The agent I ended up working with was Forbes here in Georgetown. They made the process straightforward, which was great when you’re already solving one problem and don’t need to create another.

It works—but it’s not cheap.

In my case, a roughly $40 fuel line is going to cost me close to $100 by the time everything is said and done. That stings a little. But when I think about how much extra fuel I’d burn running the old two-stroke over the next couple of months versus the much more efficient four-stroke, it’s a trade I’m willing to make. I’ll call it an efficiency tax.

It’s also probably my own fault. I must’ve left the fuel line somewhere stupid. For the life of me, I can’t figure out how it actually went overboard, but it’s nowhere on the boat. Murphy’s Law says that the moment I pay the duty, place the order, and wait for delivery, I’ll find it tucked behind something or exactly where I meant to put it.

My best guess is that it went over the side—maybe kicked, maybe dragged by something shifting, maybe caught by wind overnight. We had a couple of breezy nights earlier in the week. Hard to know. Easy to lose small things at sea.

I did make the rounds locally before ordering. None of the businesses I called carried the fuel line with the specific adapter I needed. I understand that customs duties exist to protect local businesses—but when the part simply isn’t available locally, you do what you have to do.

One captain I talked to suggested rigging a temporary line directly from the tank to the carburetor. That may work in theory. I’m not ready to go that route yet. But it did give me an idea - see The Log Book for how that worked out.

Living aboard teaches you this lesson over and over: there’s almost always a way to solve the problem. It might take longer. It might cost more. You might have to get creative. But if you’ve got a little redundancy, a little patience, and a way to get to town—even on a smoky old two-stroke—you can usually keep moving.

🎶 Melodies Aloft

Last weekend, I mentioned to another cruiser on the beach that it might be fun to get a music session going again. He told me the trick was simple: just announce it on the morning cruiser’s Net. If people want to play, they’ll show up.

So on Monday morning, I did exactly that.

After the net wrapped up, a follow-up radio conversations turned into a loose plan. We settled on Wednesday at noon, down at Chat and Chill Beach—easy to reach, casual, and it had a tiki bar if things didn’t quite come together.

They did.

I brought my mandolin, which is usually a safe bet since guitars tend to appear.

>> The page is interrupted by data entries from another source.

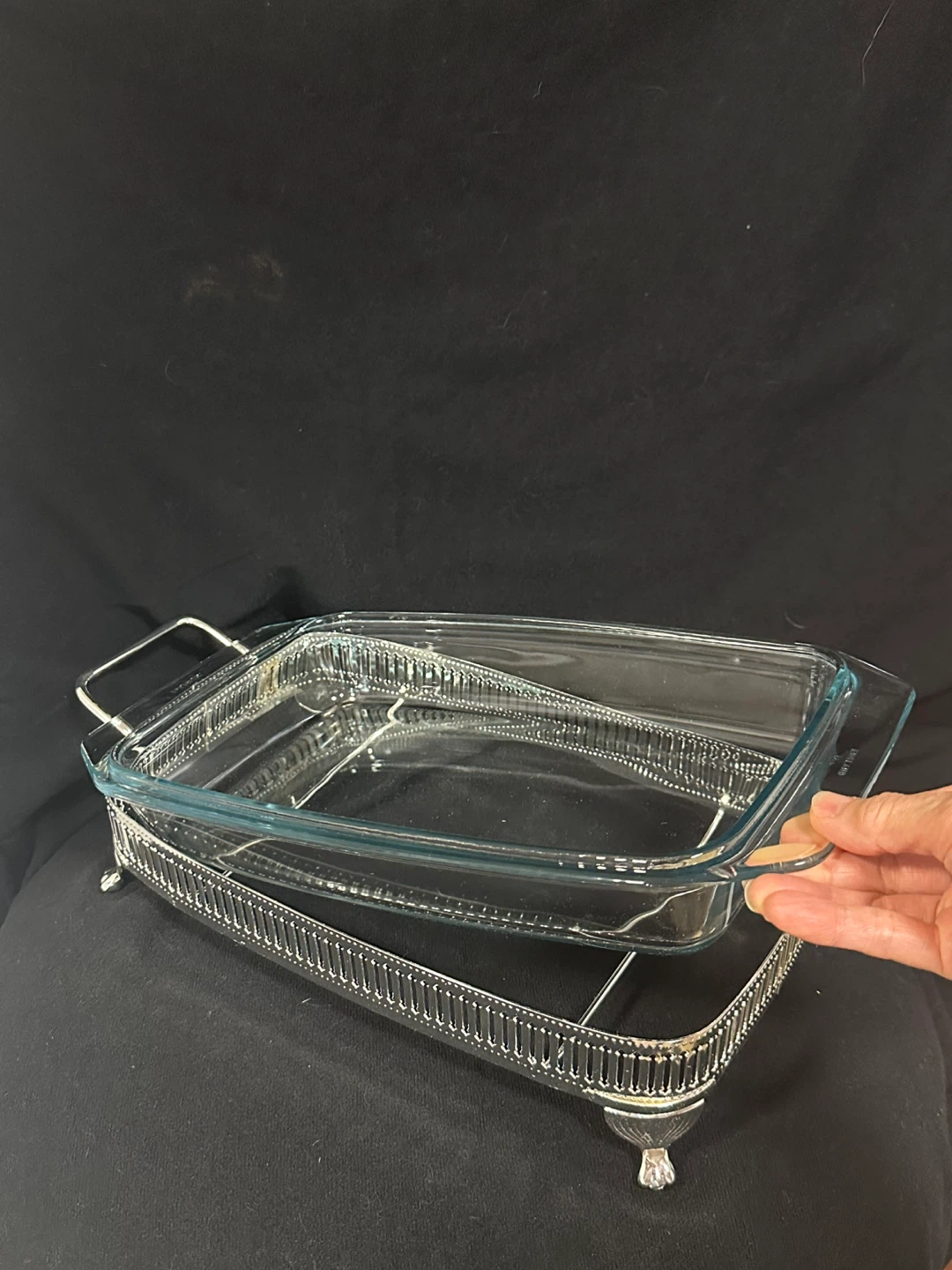 Glass Casserole Dish with Silver Plated Holder and Lid - photo 5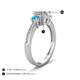 4 - Aniyah 1.28 ctw (6.50 mm) GIA Certified Classic Three Stone Round Natural Diamond (SI/H) and Turquoise Engagement Ring 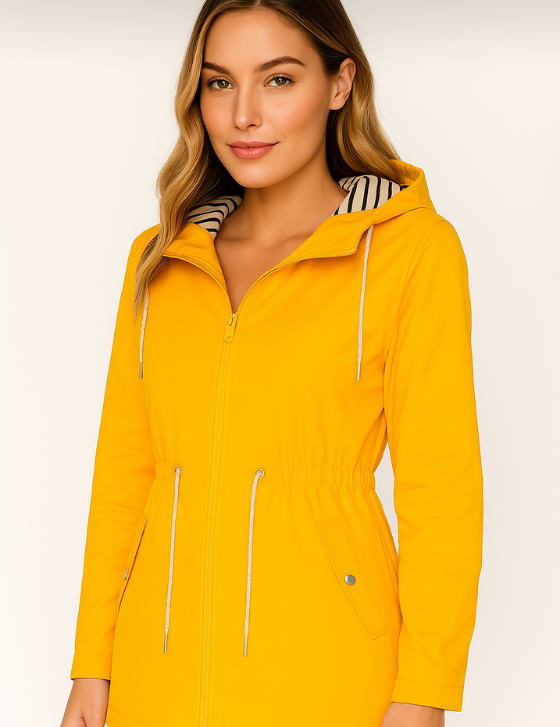 Dames regenjas | Parka met verstelbare taille en capuchon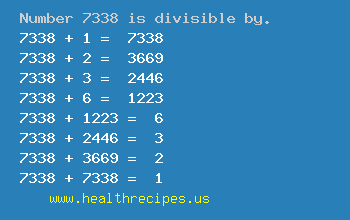 Number 7338 is divisible by the following numbers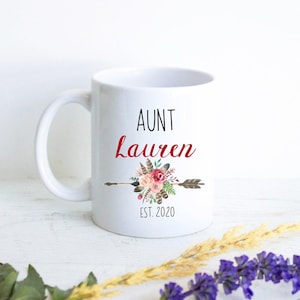 Personalized Aunt Name Mug #3, New Aunt Gift, Baby Announcement, Best Aunt Custom Gift, Pregnancy Announcement, Baby Shower, New Baby Reveal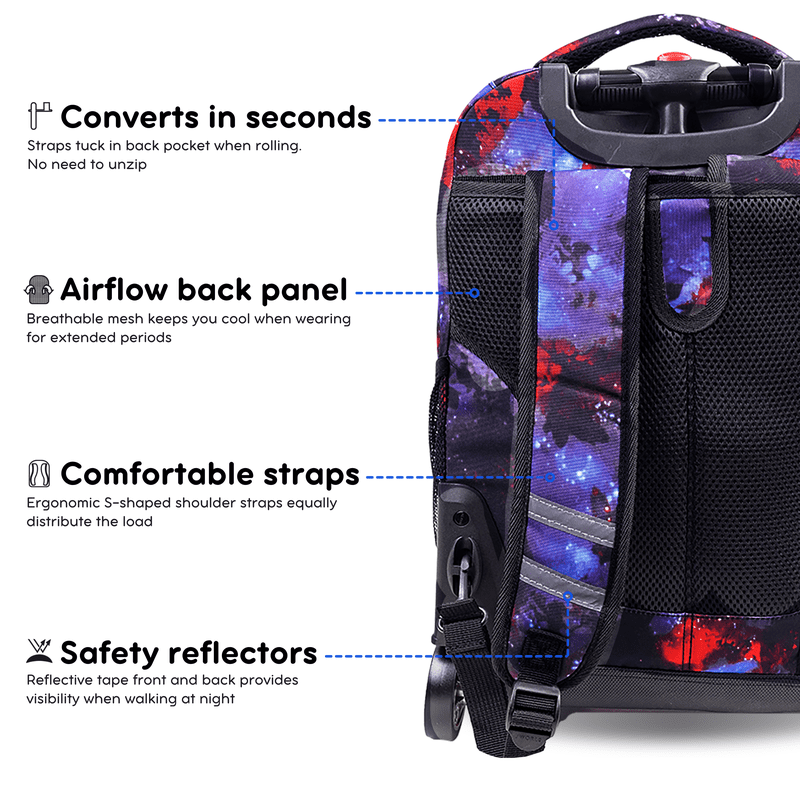 Kids & Adults 18-Inch Rolling Backpack for School & Travel - Galaxy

Sure enough, we had plenty—four guitars by my count. But what really made the session was the unexpected instrumentation. One guy showed up with a recorder and a trumpet. Not exactly standard beach-jam fare, but very welcome. Another brought a banjo, which immediately made me smile.

For about an hour and a half, right through lunchtime, we played there sitting in a ring on the sand. Nothing formal. No setlist. Just people listening to each other and jumping in when it felt right.

The trumpet was incredible—maybe a little loud for a beach jam, but in the best possible way. It carried. It pulled people in. When we launched into Ring of Fire, he joined without hesitation and absolutely nailed it. That one turned heads.

Of course, that was the moment my camera wasn’t recording.

Still, between a few bystanders and other cruisers, we managed to piece together some video from different angles. Not perfect, but honest—which feels appropriate.

It was one of those afternoons that reminds me why music works so well in places like this. You don’t need planning committees or rehearsal schedules. You just need someone willing to say, “Let’s try,” and a few people who show up with instruments and open ears.

I’m already looking forward to doing it again.